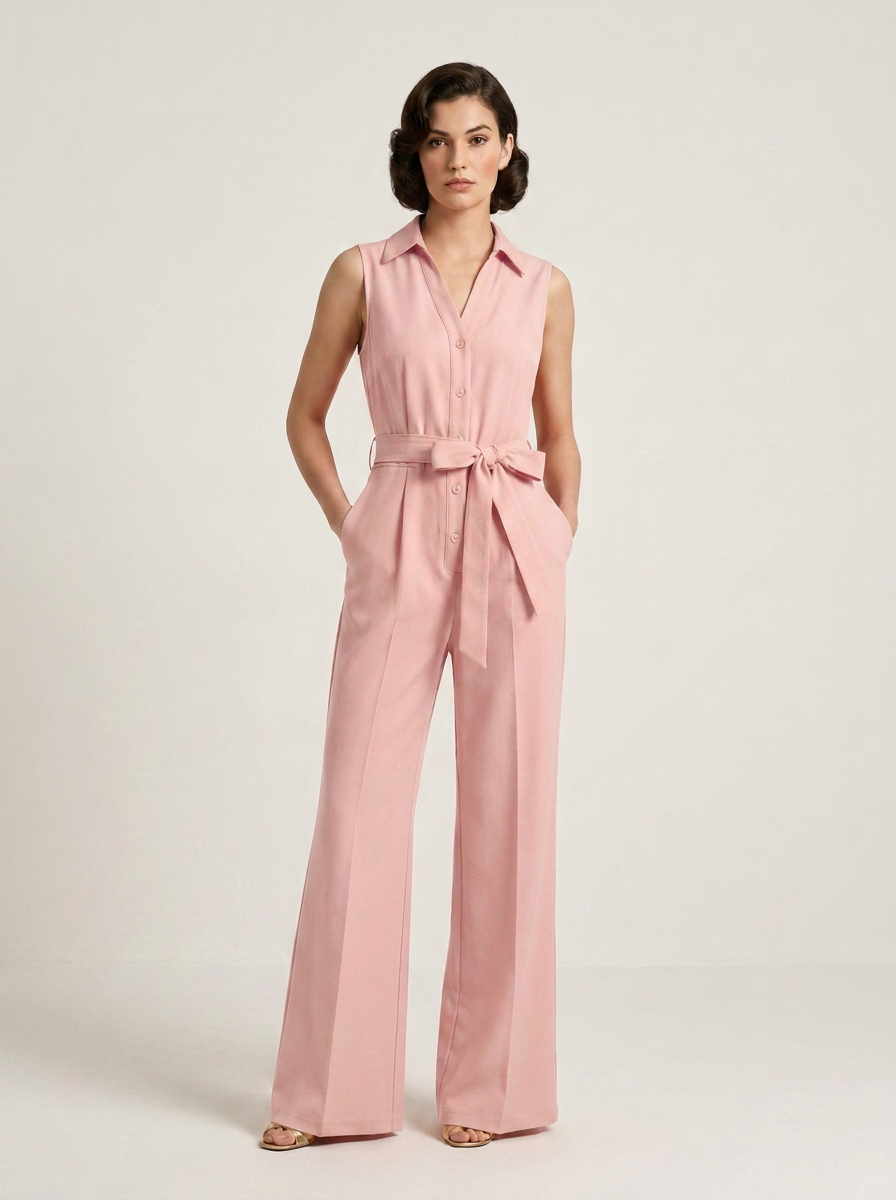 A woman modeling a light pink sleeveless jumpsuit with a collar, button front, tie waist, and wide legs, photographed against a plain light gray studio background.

________

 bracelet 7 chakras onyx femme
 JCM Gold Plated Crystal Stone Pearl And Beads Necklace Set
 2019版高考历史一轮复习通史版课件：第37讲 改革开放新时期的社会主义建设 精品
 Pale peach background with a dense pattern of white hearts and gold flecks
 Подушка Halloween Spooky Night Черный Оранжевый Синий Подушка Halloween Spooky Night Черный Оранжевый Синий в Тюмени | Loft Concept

________

What you have to do =
An exact copy of the lines above between the line holding "Pale peach background" and the line holding "Подушка Halloween Spooky Night Черный Оранжевый Синий Подушка", inclusive, is the whole answer.

Task result =
 Pale peach background with a dense pattern of white hearts and gold flecks
 Подушка Halloween Spooky Night Черный Оранжевый Синий Подушка Halloween Spooky Night Черный Оранжевый Синий в Тюмени | Loft Concept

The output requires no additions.